What the task asks:
Each line below should be repeated exactly, but no picture should be carried over.

Dataset items:
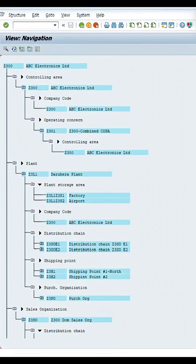Once you are in the system, which segment are you going to work in? If you are from the finance team, you are going to work with your company code. If you are from the management accounting point of view, you are going to work with your operating concern or controlling area. The assignment is also important because, from a business process point of view, everything is connected — when one user does something, it reflects in finance or profitability analysis.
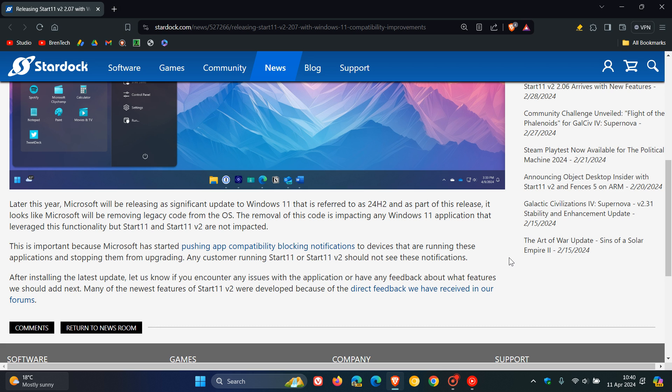So at this stage, according to Stardock, Start 11 should be okay for running and upgrading to Windows 11 version 24H2.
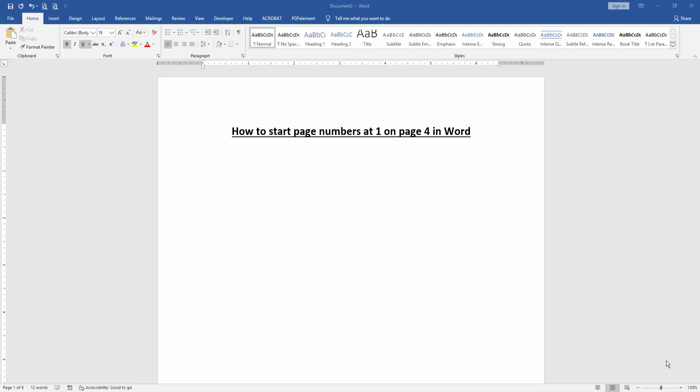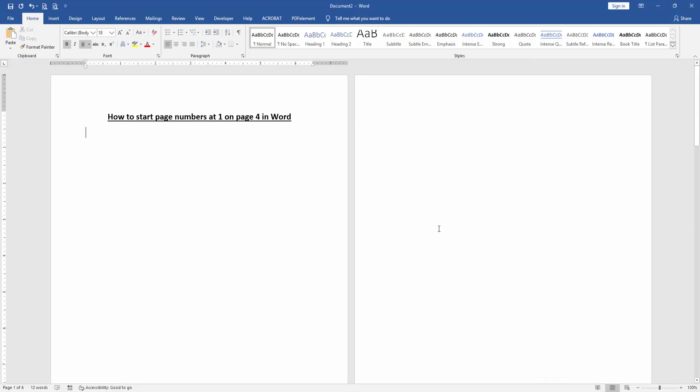At first we have to open a Word document and create some pages. Now we want to start page number one on page four.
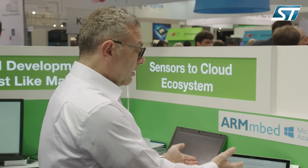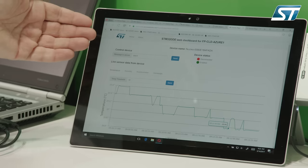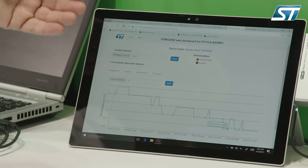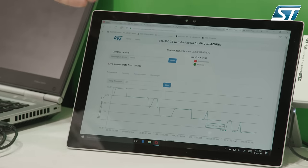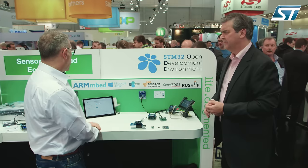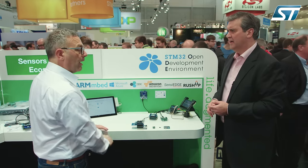The advantage is that when you have done this you can see the result on a cloud server. In this case you can see temperature data varying on Microsoft Azure cloud.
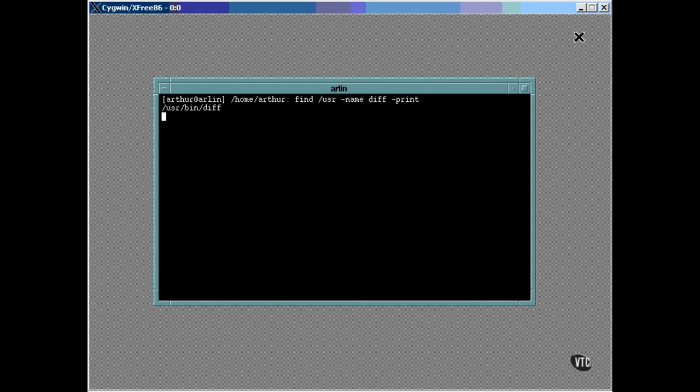Finally, you'll need to specify what is to be done with the file when it's located. Now, in this example, the print option is used to have the complete path name of the file listed, but you can have it do anything you want.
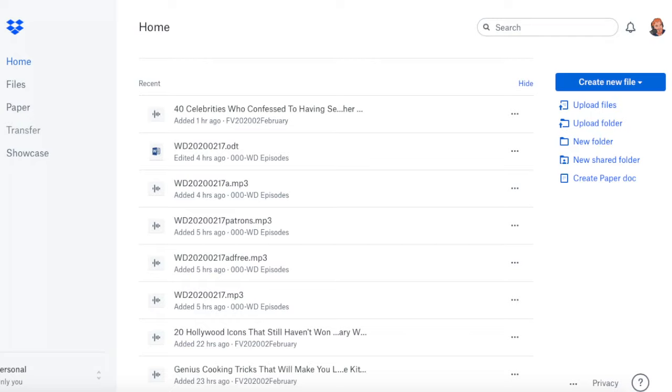Well, Dropbox does have one thing, I love the program, I think it's a great service, but the one thing that irritates me is the fact that it takes every space in the title of what you're creating and puts a percentage 20 in it, and it just makes for a really long title.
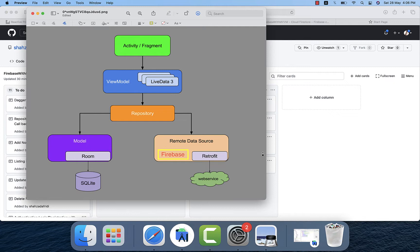The second layer is the ViewModel and the third layer is the Repository. The Activity and Fragment depend on the ViewModel, the ViewModel depends on the Repository, and the Repository depends on the data source. We get data from the data source through the Repository, pass it to the ViewModel, and the ViewModel passes data through LiveData or Flow to the Fragment or Activity, managing UI states. If configuration changes or screen rotation happen, data is maintained — that's how MVVM architecture works.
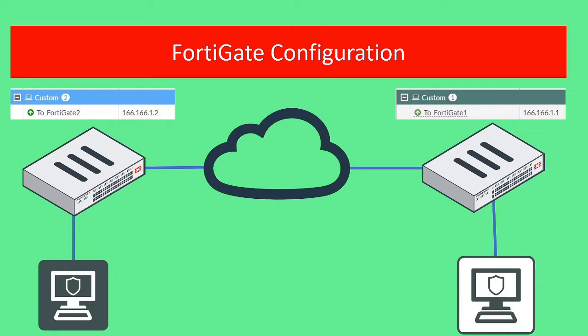In this video, we're going to configure two FortiGates with a site-to-site VPN, and at the very end of the video, we're going to have a link to a troubleshooting video in case things don't work. Let's get right into it.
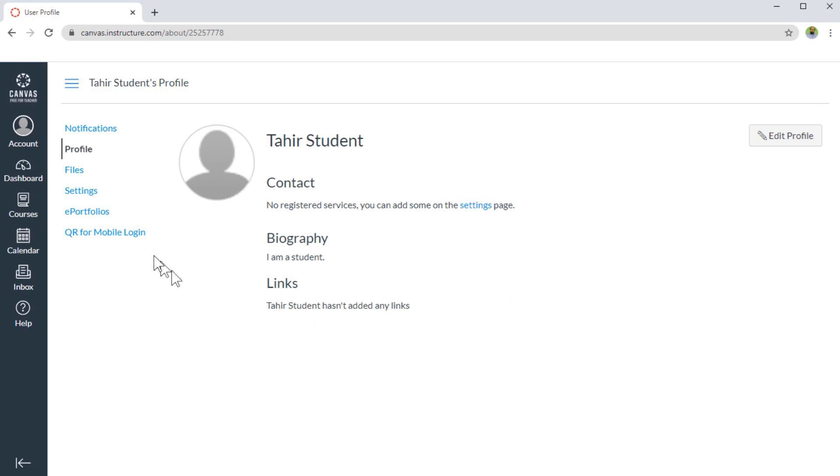Now after setting the profile, the most important thing for you is to set the notifications. And this is what we are going to learn in the next video.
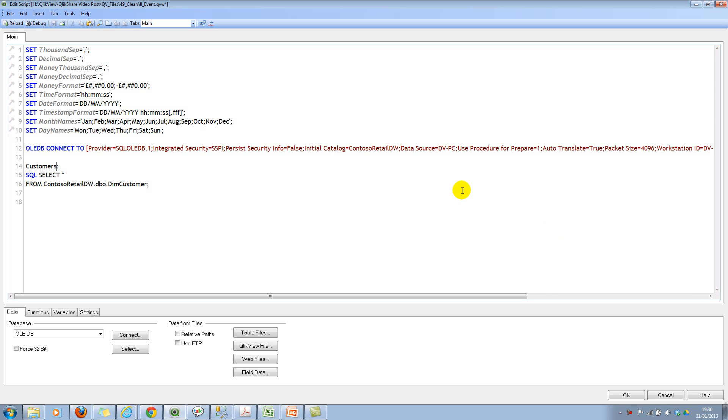I'm sure most of you know that clear all is useful functionality. However, sometimes you don't want to clear everything even if the user selects clear all.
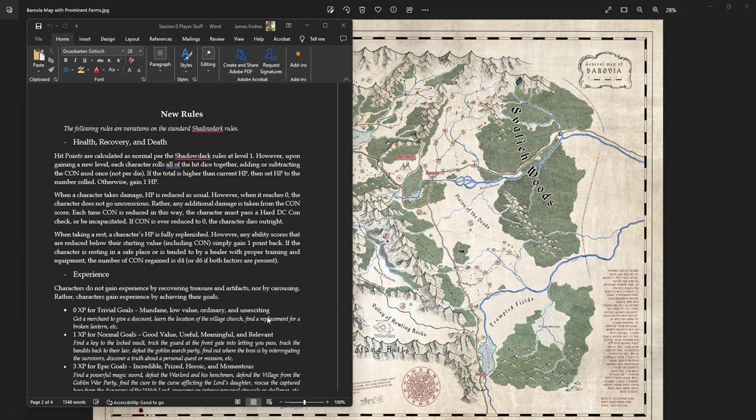That was what we did in Session Zero, and then I gave them this document which gave them the new rules. The new rules here I really want to cover pretty quickly because I think they're really cool as a combination with Shadow Dark as a way of getting at the setting of Curse of Strahd.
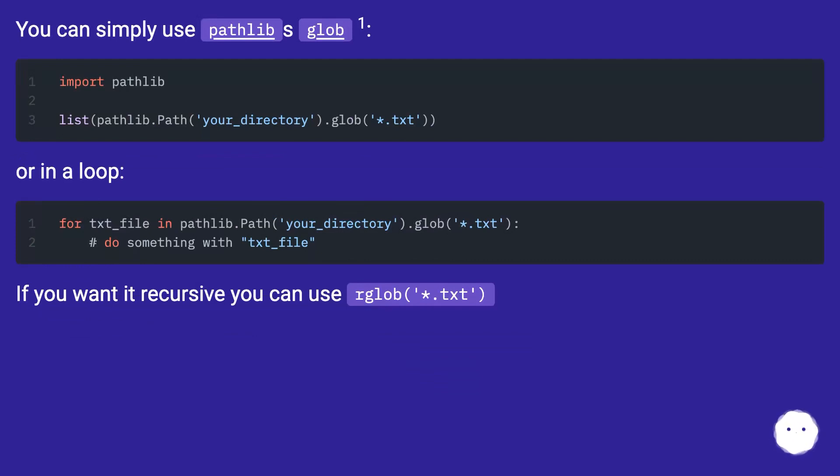Or in a loop. If you wanted recursive, you can use rglob with asterisk .txt.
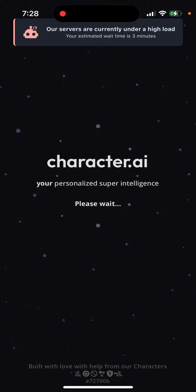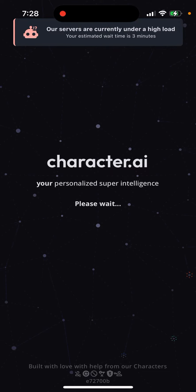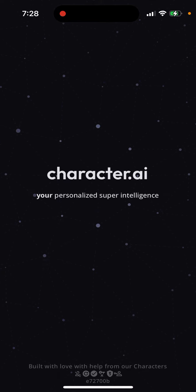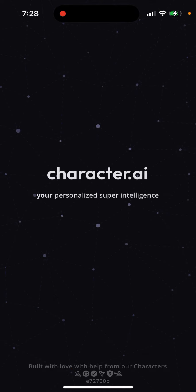So Character.ai login screen is blocked. It just says our servers are currently under high load, your estimated wait time is three minutes. And yeah, so finally after three minutes it unblocks, but then I still don't see the login buttons. So it's quite weird.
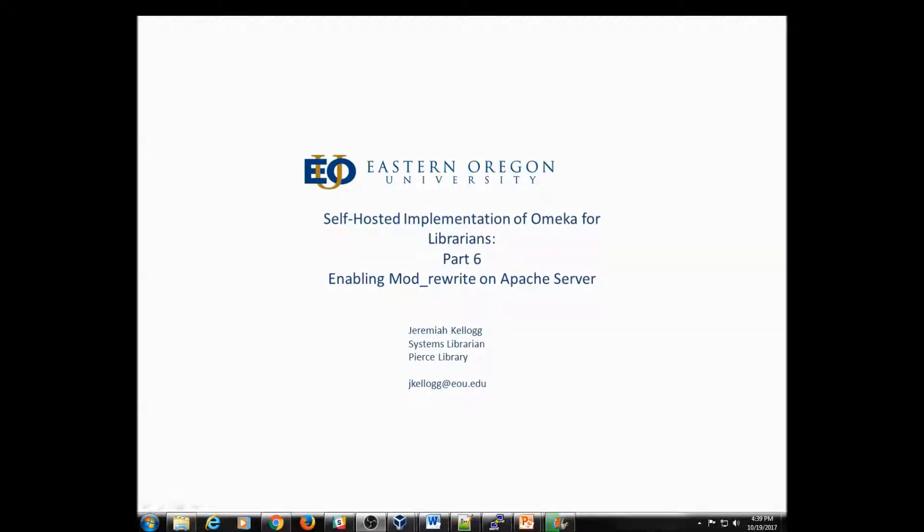Hello and welcome to video 6 in the self-hosted implementation of Omeka for Librarians series. In this video, we're going to enable the mod_rewrite on the Apache server.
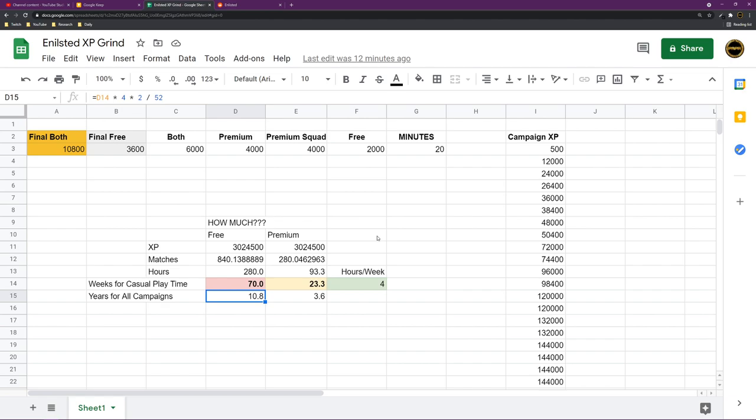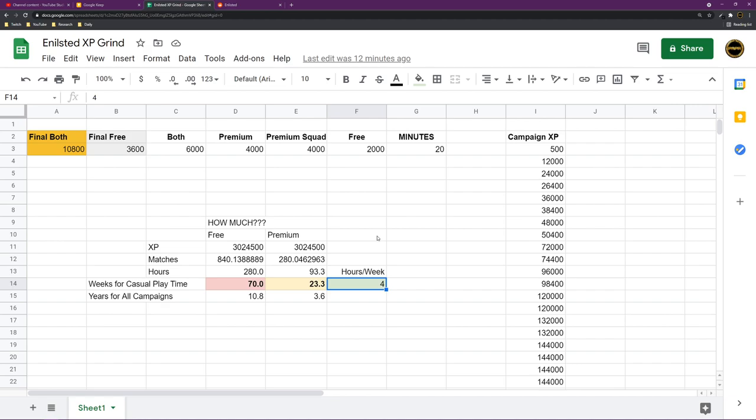And even then, World of Warcraft gets expansions every year. What is this? So here is the loophole. You're going to tell me, all right, you know what? I'm going to be playing this game. Casual? No, I'm going to play this game four hours a day, not four hours a week.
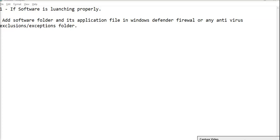Hello everyone. If you are using your software and facing a problem where the software is not launching properly, and it's giving you some security checks, then you have to follow these instructions. Make sure you have installed the software properly and the exe file is in your software folder. There are some checks in the Windows Defender firewall that you have to bypass.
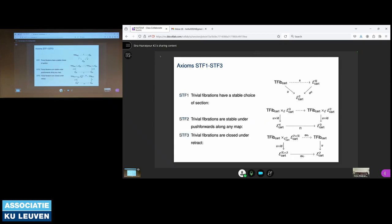These are the three axioms. The first axiom says essentially that the structured trivial fibrations have a stable — meaning pullback stable — choice of section. The section is provided by the dashed arrow s, which is a function going from the category of trivial fibrations to the category of retracts in E. So that constructs for any trivial fibration a section, the data of a section.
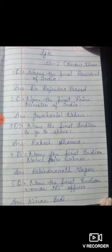Name the first President of India. India ka first President kon tha? The answer is Dr. Rajendra Prasad – R-A-J-E-N-D-R-A P-R-A-S-A-D – Dr. Rajendra Prasad.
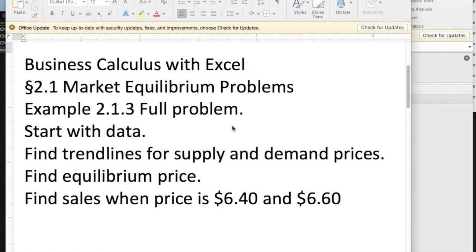Good morning. We're looking at example three out of section 2.1, market equilibrium problems. We're going to start with data.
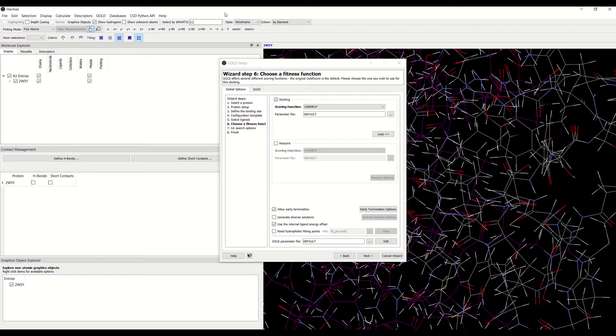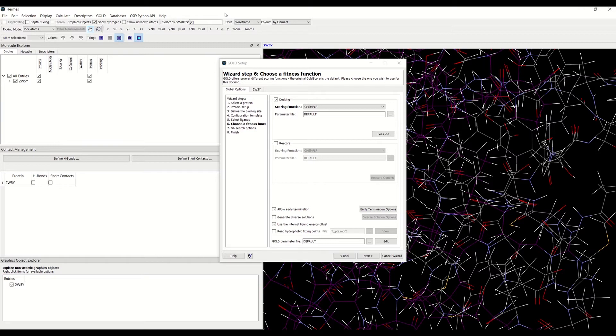The early termination option can be used to prevent GOLD wasting time performing multiple docking runs on easy ligands. It instructs GOLD to terminate docking runs on a given ligand as soon as the specified number of runs have given essentially the same answer.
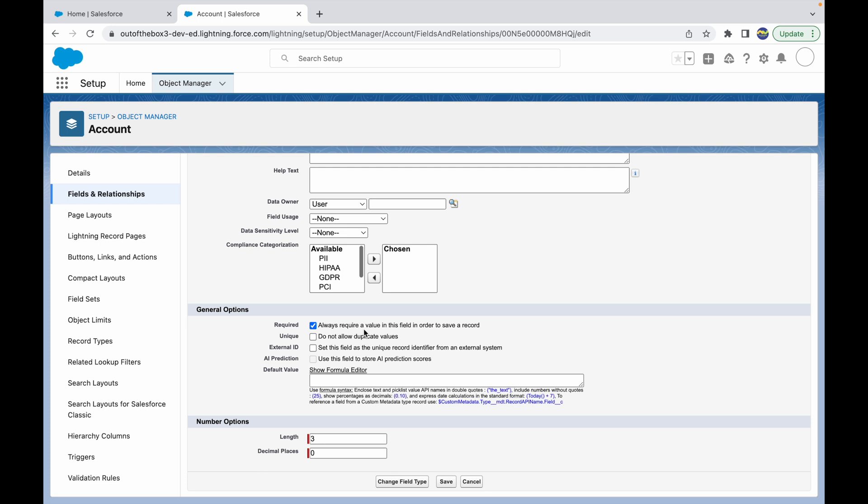If you set the field required on the object level, this will be required for all personas and all actors in the system. But if you have a use case where you want to make the field required for a specific kind of people, specific kind of group, specific kind of persona, or for a specific page layout, you can do that using the page layout concept instead of marking the field required on the object level, which is more of a global level.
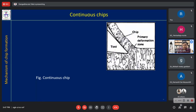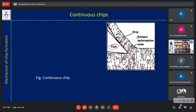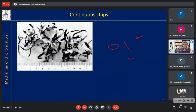Continuous chip formation: the chip flows continuously on the rake surface of the cutting tool. This region is shown as the primary deformation zone, which will be discussed in more detail in a later topic. A continuous chip looks like a very large, entangled, curled chip. If you observe the chip after cutting, one side will be very smooth and shiny while the other side will be dull or brownish and not smooth.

Output for this exercise:
Once you are in the system, which segment are you going to work in? If you are from the finance team, you are going to work with your company code. If you are from the management accounting point of view, you are going to work with your operating concern or controlling area. The assignment is also important because, from a business process point of view, everything is connected — when one user does something, it reflects in finance or profitability analysis.
So at this stage, according to Stardock, Start 11 should be okay for running and upgrading to Windows 11 version 24H2.
At first we have to open a Word document and create some pages. Now we want to start page number one on page four.
The advantage is that when you have done this you can see the result on a cloud server. In this case you can see temperature data varying on Microsoft Azure cloud.
Finally, you'll need to specify what is to be done with the file when it's located. Now, in this example, the print option is used to have the complete path name of the file listed, but you can have it do anything you want.
Well, Dropbox does have one thing, I love the program, I think it's a great service, but the one thing that irritates me is the fact that it takes every space in the title of what you're creating and puts a percentage 20 in it, and it just makes for a really long title.
The second layer is the ViewModel and the third layer is the Repository. The Activity and Fragment depend on the ViewModel, the ViewModel depends on the Repository, and the Repository depends on the data source. We get data from the data source through the Repository, pass it to the ViewModel, and the ViewModel passes data through LiveData or Flow to the Fragment or Activity, managing UI states. If configuration changes or screen rotation happen, data is maintained — that's how MVVM architecture works.
In this video, we're going to configure two FortiGates with a site-to-site VPN, and at the very end of the video, we're going to have a link to a troubleshooting video in case things don't work. Let's get right into it.
Now after setting the profile, the most important thing for you is to set the notifications. And this is what we are going to learn in the next video.
I'm sure most of you know that clear all is useful functionality. However, sometimes you don't want to clear everything even if the user selects clear all.
That was what we did in Session Zero, and then I gave them this document which gave them the new rules. The new rules here I really want to cover pretty quickly because I think they're really cool as a combination with Shadow Dark as a way of getting at the setting of Curse of Strahd.
Or in a loop. If you wanted recursive, you can use rglob with asterisk .txt.
So Character.ai login screen is blocked. It just says our servers are currently under high load, your estimated wait time is three minutes. And yeah, so finally after three minutes it unblocks, but then I still don't see the login buttons. So it's quite weird.
Hello and welcome to video 6 in the self-hosted implementation of Omeka for Librarians series. In this video, we're going to enable the mod_rewrite on the Apache server.
And even then, World of Warcraft gets expansions every year. What is this? So here is the loophole. You're going to tell me, all right, you know what? I'm going to be playing this game. Casual? No, I'm going to play this game four hours a day, not four hours a week.
Hello everyone. If you are using your software and facing a problem where the software is not launching properly, and it's giving you some security checks, then you have to follow these instructions. Make sure you have installed the software properly and the exe file is in your software folder. There are some checks in the Windows Defender firewall that you have to bypass.
These are the three axioms. The first axiom says essentially that the structured trivial fibrations have a stable — meaning pullback stable — choice of section. The section is provided by the dashed arrow s, which is a function going from the category of trivial fibrations to the category of retracts in E. So that constructs for any trivial fibration a section, the data of a section.
Name the first President of India. India ka first President kon tha? The answer is Dr. Rajendra Prasad – R-A-J-E-N-D-R-A P-R-A-S-A-D – Dr. Rajendra Prasad.
Good morning. We're looking at example three out of section 2.1, market equilibrium problems. We're going to start with data.
The early termination option can be used to prevent GOLD wasting time performing multiple docking runs on easy ligands. It instructs GOLD to terminate docking runs on a given ligand as soon as the specified number of runs have given essentially the same answer.
If you set the field required on the object level, this will be required for all personas and all actors in the system. But if you have a use case where you want to make the field required for a specific kind of people, specific kind of group, specific kind of persona, or for a specific page layout, you can do that using the page layout concept instead of marking the field required on the object level, which is more of a global level.
Continuous chip formation: the chip flows continuously on the rake surface of the cutting tool. This region is shown as the primary deformation zone, which will be discussed in more detail in a later topic. A continuous chip looks like a very large, entangled, curled chip. If you observe the chip after cutting, one side will be very smooth and shiny while the other side will be dull or brownish and not smooth.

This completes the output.